A document released on the weekend details a prison interview conducted in June by the SEC inspector general in which Madoff says he had the impression that "it never entered the SEC's mind that it was a Ponzi scheme."
There were some shades of boasting even as Madoff sat in jail a few months after pleading guilty to fraud. The only problem with officials at the SEC's Washington headquarters, Madoff said, is that he had "too much credibility with them and they dismissed" the idea of a Ponzi scheme.
The disgraced financier confided that he didn't bring an attorney with him when he testified in an inquiry by the SEC's enforcement division because he believed he didn't need one - and he was trying to fool the government investigators into thinking he had nothing to hide.
The details emerged in a summary of Inspector General David Kotz's interview with Madoff at the Metropolitan Correctional Center in New York, released along with hundreds of other documents related to Kotz's extensive investigation of the SEC's stunning failure to detect Madoff's fraudulent scheme for 16 years.

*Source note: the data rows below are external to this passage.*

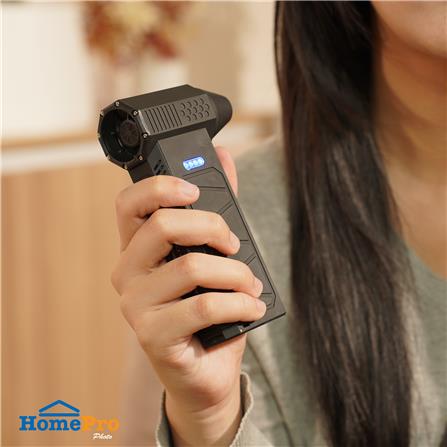 พัดลมพกพา 1.5 นิ้ว NIKITO NKVF-175 สีดำ_1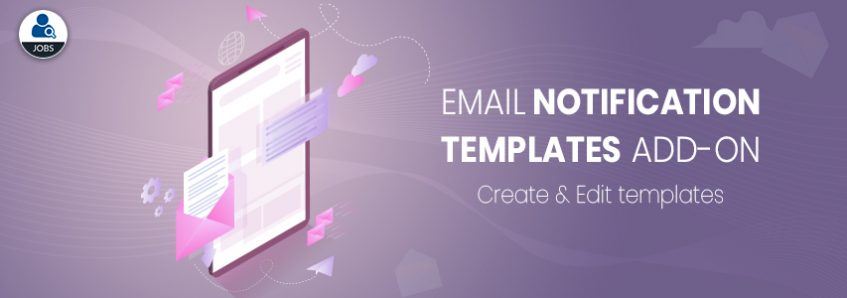 Email Notification Templates Banner Image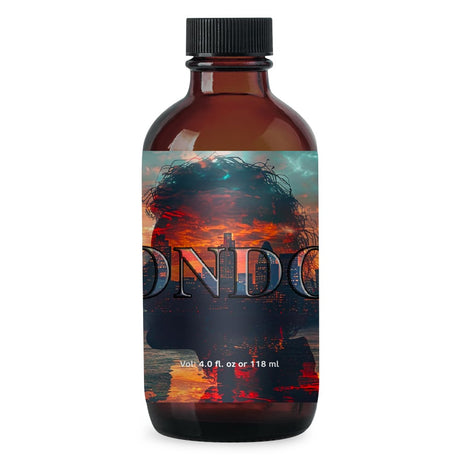 Wholly Kaw London Aftershave Splash 4oz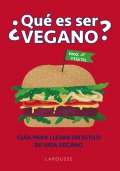 Qu es ser vegano?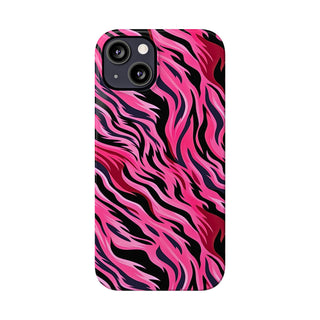 Neon Blaze - iPhone Slim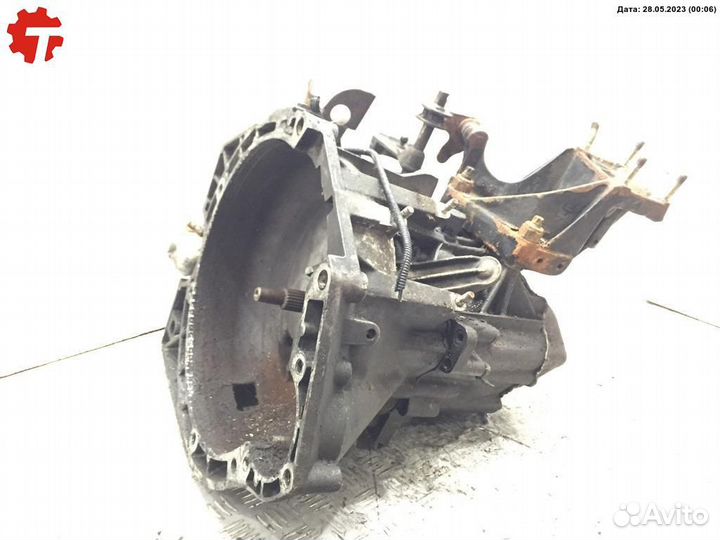 Кпп 5ст. Fiat Ducato (1991-2006)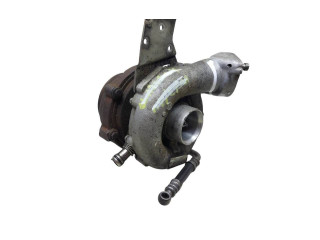 Turbodmychadlo Турбина 758351-5024S BMW 5 E60 E61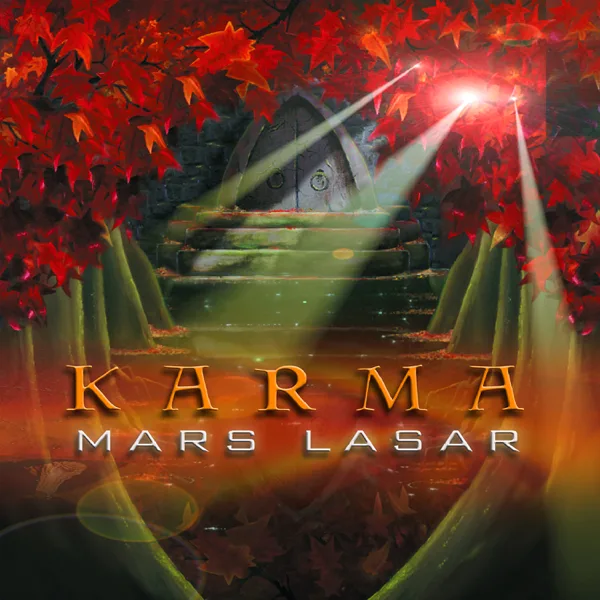 Inseparable Universe — Mars Lasar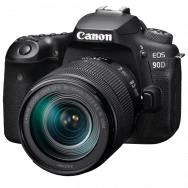 Фотоаппарат Canon EOS 90D Kit 18-135mm IS USM- фото6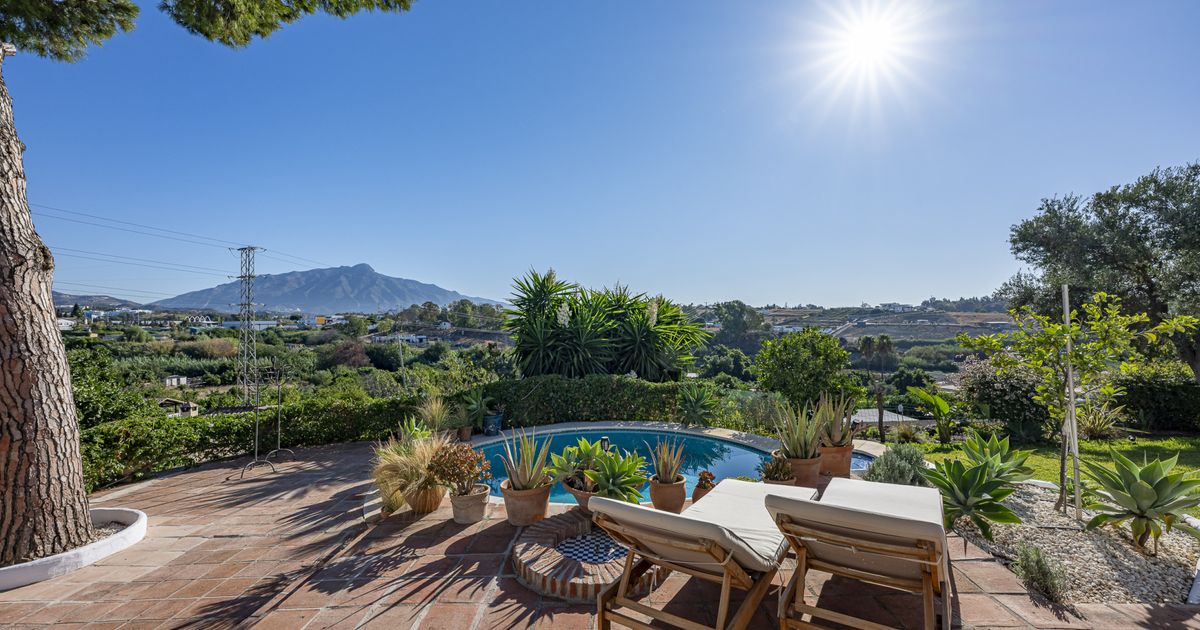 Villa in San Pedro de Alcantara, Guadalmina Alta, San Pedro de Alcantara, 2/12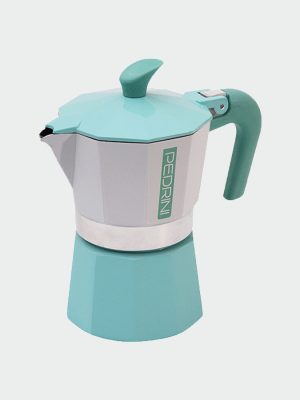 KAFFET-VİNTAGE 2 CUPS – MOKA POT 1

As the SEC inspectors carried out probe after probe of his business, Madoff said in the interview he was "worried every time" that he'd be caught. "It was a nightmare for me," he said. "I wish they caught me six years ago, eight years ago."
Madoff, 71, a former Nasdaq stock market chairman, pleaded guilty in March to charges that his secretive investment-adviser operation was a multibillion-dollar Ponzi scheme that destroyed thousands of people's life savings and wrecked charities. It was possibly the largest-ever Ponzi: the classic scheme in which investors are paid with other investors' money rather than actual profits on their investment.
He is serving a 150-year sentence in federal prison in North Carolina.
Kotz also issued a statement saying his probe found no evidence to support Madoff's claim of having a "close relationship" with SEC Chairman Mary Schapiro, who previously headed the Financial Industry Regulatory Authority, the brokerage industry's self-policing organization.
In the interview, Madoff called Schapiro a "dear friend," saying she "probably thinks, I wish I never knew this guy."
Like the SEC, FINRA made periodic exams of Madoff's brokerage operation, which functioned separately from his investment business hidden from regulators' view.
An internal review by FINRA found a regulatory breakdown on the part of the organization in the Madoff case.